The Laser Phase Plate: A Century-Old Physics Trick Just Unlocked the Human Proteome

The interior of a human cell is a crowded, bustling metropolis, but for decades, structural biologists have been trying to map its streets while wearing frosted glasses. Understanding exactly how proteins fold, interact, and misfire is the foundation of modern medicine, yet seeing these mechanisms in action has remained one of biology's most stubborn challenges.[5]

The advent of cryo-electron microscopy (cryo-EM) revolutionized the field, winning a Nobel Prize for its ability to flash-freeze biological samples in vitreous ice and photograph them with a beam of electrons. It allowed scientists to determine the atomic-level architecture of massive molecular machines, accelerating drug discovery and structural biology.[3][4]

But cryo-EM has always suffered from a glaring blind spot. The technique relies on electrons scattering off the atoms in a sample to create an image. Small proteins simply do not scatter enough electrons to stand out from the background noise, leaving them blurry or entirely invisible.[1][5]

The numbers highlight the scale of the problem: proteins under 70 kilodaltons are incredibly difficult to image with conventional electron microscopes. Yet, these diminutive structures account for roughly 90% of the human proteome.[3][4]

This means the vast majority of the molecular machinery that drives human health, cellular function, and disease progression has remained out of reach, forcing scientists to guess at their exact structures or rely on less precise methods.[4]

Enter the laser phase plate. In a series of landmark papers published this week in Science and Nature, researchers from UC Berkeley and the Chan Zuckerberg Biohub have unveiled a solution that finally brings these tiny proteins into sharp focus.[1][2][4]

To understand the mechanics of this breakthrough, it helps to look back nearly a century to the work of Dutch physicist Frits Zernike, who faced a remarkably similar problem with optical light.[3]

In 1932, Zernike realized that when light passes through a transparent biological sample, its phase shifts slightly. By interfering this shifted light with unshifted light, he created stark visual contrast out of thin air—a discovery that won him the 1953 Nobel Prize and transformed light microscopy.[3]

For decades, physicists have desperately wanted to apply Zernike's phase-contrast trick to electron microscopes, knowing it would drastically boost the signal-to-noise ratio for biological samples.[5]

The problem is that electrons, unlike photons, are charged particles. When researchers tried inserting physical phase plates—such as ultra-thin films of carbon—into the electron beam, the plates quickly accumulated static electricity.[5]

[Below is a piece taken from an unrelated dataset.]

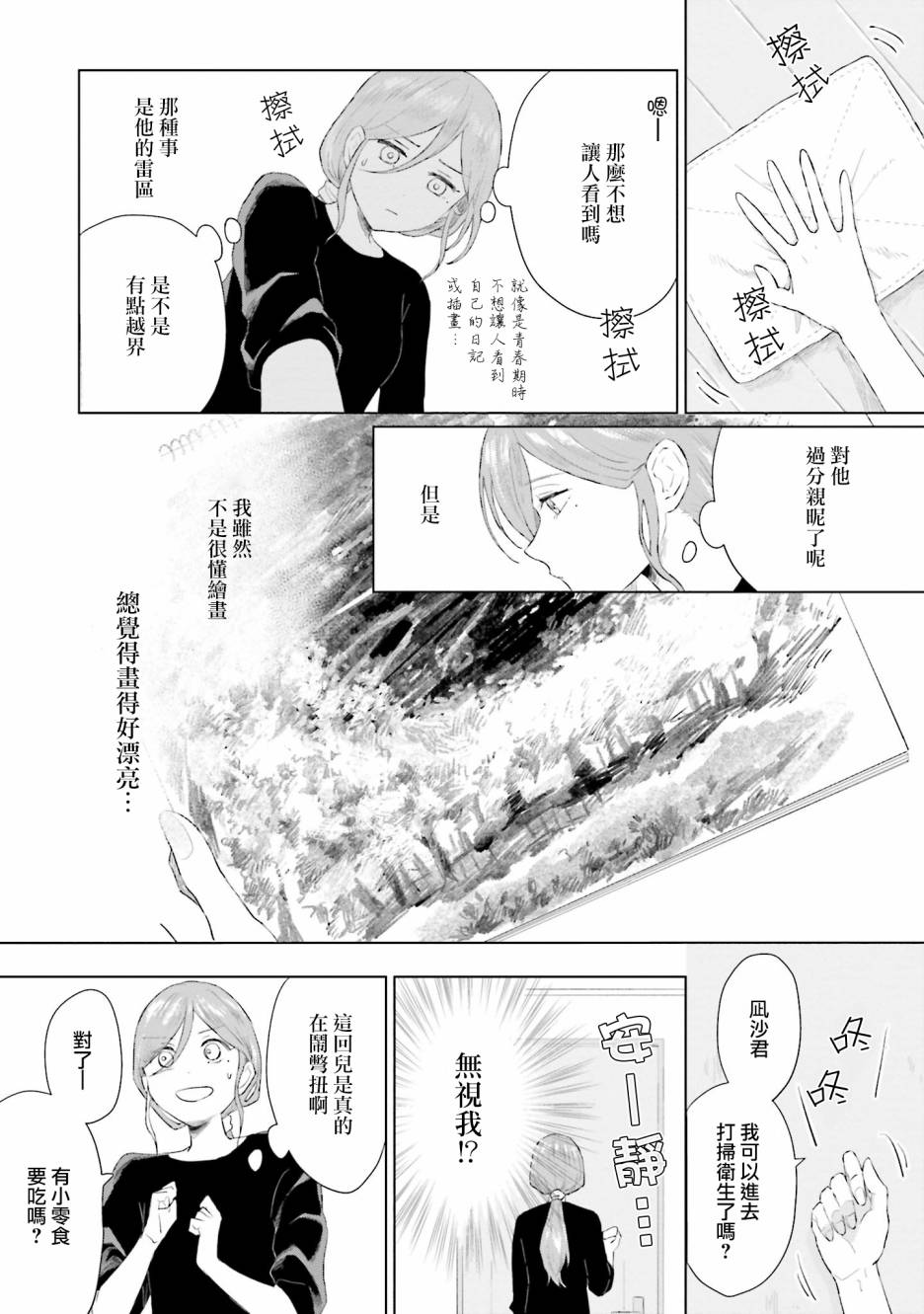 我养了个少年日剧完整版在线观看漫画,第2话为你而存在的城堡3图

This static charge acted like an erratic, unwanted lens, distorting the electron beam and ruining the image before any useful high-resolution data could be collected.[5]

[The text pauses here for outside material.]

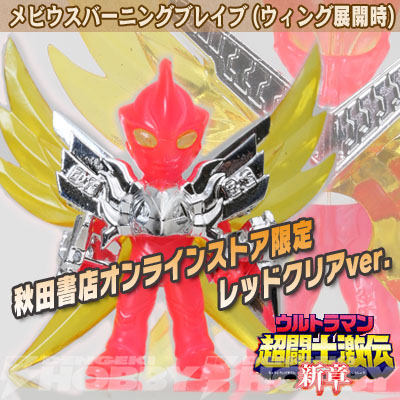 伝説のウルトラマンコミック完全新作『ウルトラマン超闘士激伝 新章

Physicist Holger Müller and biophysicist Robert Glaeser at UC Berkeley proposed a radical alternative 15 years ago: what if the phase plate wasn't made of physical matter at all?[4]

Their idea was to use light to manipulate electrons. By crossing the electron beam with an incredibly intense laser, the electromagnetic field of the light would shift the phase of the passing electrons without introducing any physical material to hold a static charge.[3][4]

Building the device was an engineering nightmare. The team had to trap a continuous-wave laser inside a spherical, mirrored cavity, bouncing the light back and forth to concentrate 75 kilowatts of power into a beam just a few microns wide.[3]

The grueling effort paid off. Installed in a custom-modified Thermo Fisher Krios microscope, the laser phase plate successfully pulled small, faint proteins out of the background noise and into sharp, high-resolution focus.[3][4]

The team demonstrated the technology on hemoglobin, the oxygen-carrying protein in blood, which sits right at the lower limit of what conventional machines can resolve. The resulting images showed a dramatic improvement in clarity.[2][3]

With the laser phase plate, the signal-to-noise ratio essentially doubled, allowing the researchers to clearly resolve structures as small as 50 kilodaltons, with a theoretical path mapped out to eventually reach 17 kilodaltons.[2][3]

But the ultimate prize of this technology isn't just seeing isolated proteins in a purified solution. It is the advancement of cryo-electron tomography (cryo-ET)—imaging proteins while they are still operating inside intact, living cells.[1][4]

"It's like a forest of trees, and you're trying to find one leaf on one tree in there," explained Bridget Carragher, founding technical director of imaging at Biohub. The laser phase plate provides the contrast needed to cut through that cellular clutter.[4]

History consistently shows that biology follows technology. By finally turning on the lights inside the cell and illuminating the remaining 90% of the proteome, scientists are poised to uncover the exact molecular interactions that trigger diseases, accelerating the next generation of highly targeted therapeutics.[4][5]